WHAT YOU HAVE TO DO: Images are to be excluded from the copy, and the records below reproduced word for word.

(MATERIAL FOR THIS EXERCISE)

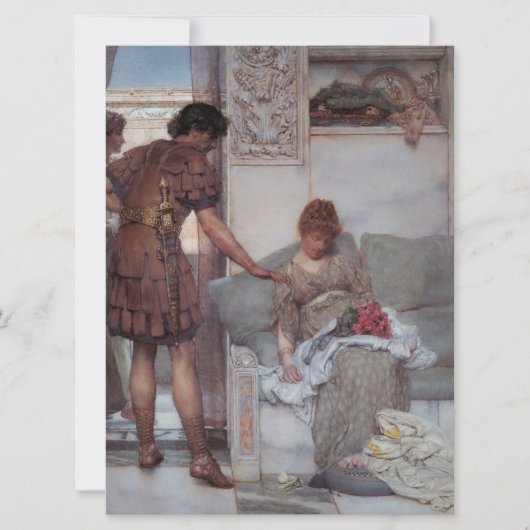 Stille Begrüßung (von Lawrence Alma-Tadema) Karte (Vorderseite)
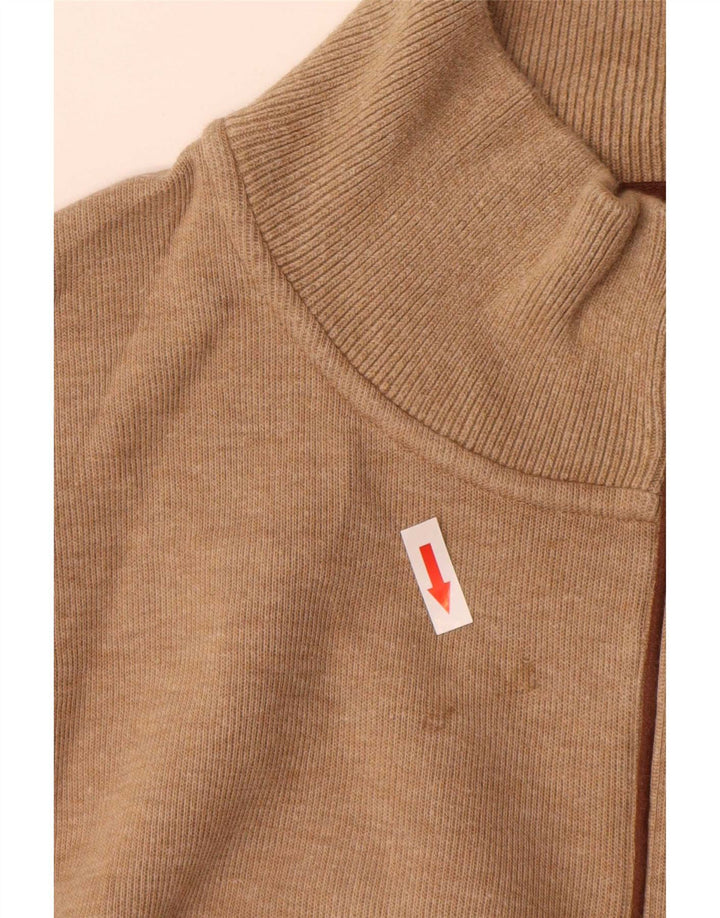 Gant herre lynlås-hals sweater 3XL brun bomuld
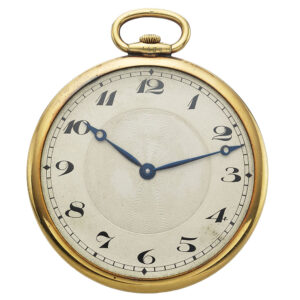 Swiss 18K yellow gold open faced pocket watch Circa 1930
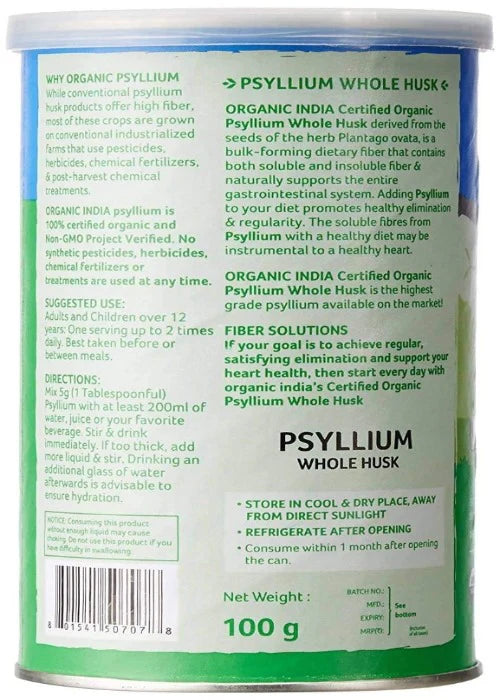 Organic India Psyllium Whole Husk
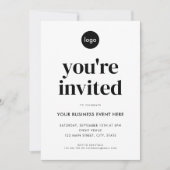 ミニマモダンリスト事業イベント 招待状 (正面)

(End MATERIAL FOR THIS EXERCISE)

REPLY TO THE TASK:
 Stille Begrüßung (von Lawrence Alma-Tadema) Karte (Vorderseite)
 Gant herre lynlås-hals sweater 3XL brun bomuld
 Swiss 18K yellow gold open faced pocket watch Circa 1930
 Organic India Psyllium Whole Husk
 ミニマモダンリスト事業イベント 招待状 (正面)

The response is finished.